Tony Bobulinski has claimed that Joe Biden was involved in his son’s foreign business dealings while serving as vice president, which Biden has repeatedly denied.
Bobulinski said he is the CEO of Sinohawk Holdings, which he claimed "was a partnership between the Chinese operating through CEFC/Chairman Ye and the Biden family," FOX News reported.
Bobulinski said in a statement to FOX News that he does not believe Joe Biden's past claim that he did not discuss his son Hunter's business affairs with him, claiming that Hunter “frequently referenced asking him for his sign-off or advice on various potential deals.”
The Biden campaign fired back at Bobulinski’s claims in a statement to the network.
"As Chris Wallace said on the air about this very smear, 'Vice President Biden has actually released his tax returns - unlike President Trump - and there is no indication he ever got any money from anybody in these business deals,’” Biden campaign spokesman Andrew Bates said in the statement. “Joe Biden has never even considered being involved in business with his family, nor in any overseas business whatsoever. He has never held stock in any such business arrangements nor has any family member or any other person ever held stock for him.”
President Donald Trump talks to the media outside the White House on Oct. 21, 2020 in Washington, D.C. (Photo by Tasos Katopodis/Getty Images)
With less than two weeks until Election Day, Trump has been promoting an unconfirmed New York Post report from last week that cites an email in which an official from the Ukrainian gas company Burisma allegedly thanks Hunter Biden, who served on the company’s board, for arranging for him to meet Joe Biden during a 2015 visit to Washington, D.C.
Hunter Biden joined the board of Burisma in 2014, around the time his father, then U.S. vice president, was helping conduct the Obama administration’s foreign policy with Ukraine.
The Biden campaign has rejected Trump’s assertion of wrongdoing and notes that Biden’s schedule did not show a meeting with the Burisma official.
In subsequent reporting by the New York Post, Bobulinski was listed as the recipient of a 2017 email published that purported to show a business arrangement involving a Chinese company and members of the Biden family.
Bobulinski was expected to turn his electronic devices and records of business dealings with Hunter and Joe Biden’s brother, Jim, over to the FBI, according to FOX News.
The Post said it had obtained a hard drive from Trump’s personal lawyer Rudy Giuliani containing the emails, and that the messages were found on a laptop that had been left last year at a Delaware computer repair shop for service but never retrieved.

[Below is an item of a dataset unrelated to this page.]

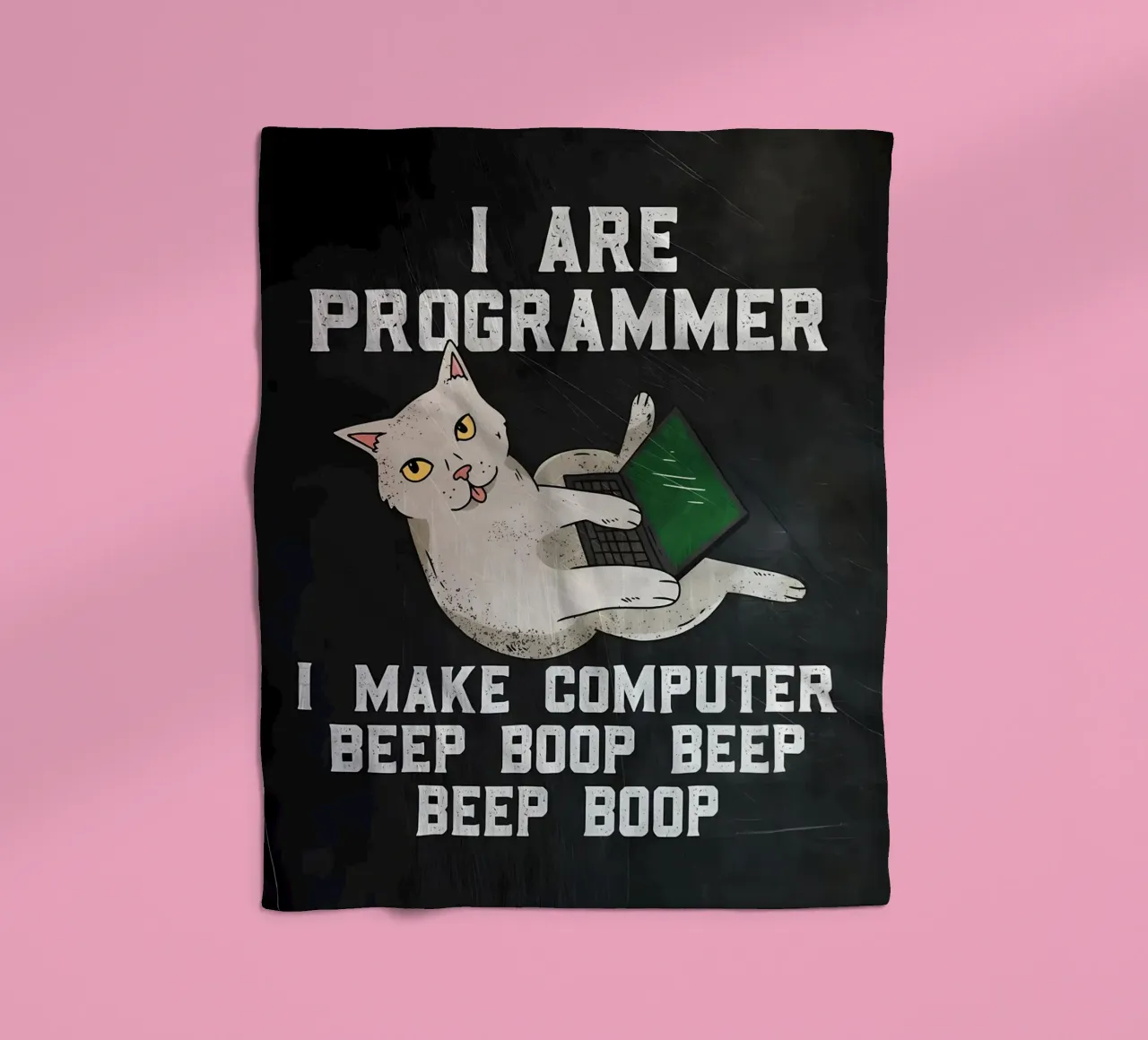 gato ordenador portátil texto humor animal tecnología dibujos animados mem manta de franela de Ashish Kashyap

Hunter Biden himself has not spoken publicly in the last week, including to confirm whether or not the laptop is his. The Biden campaign has also not addressed that question, though a lawyer for Hunter Biden, George Mesires, said in a statement last week to the Associated Press that “we have no idea where this came from, and certainly cannot credit anything that Rudy Giuliani provided to the NY Post.”
Some former national security officials and other experts said the episode raised multiple red flags of a possible foreign disinformation effort, especially given the involvement of Giuliani and his active role in promoting an anti-Biden narrative on Ukraine.
Nevertheless, two senior administration officials told FOX News this week that the FBI is in possession of the laptop purportedly belonging to Hunter Biden. The FBI declined to confirm or deny the existence of an investigation into the laptop or the emails, as is standard practice.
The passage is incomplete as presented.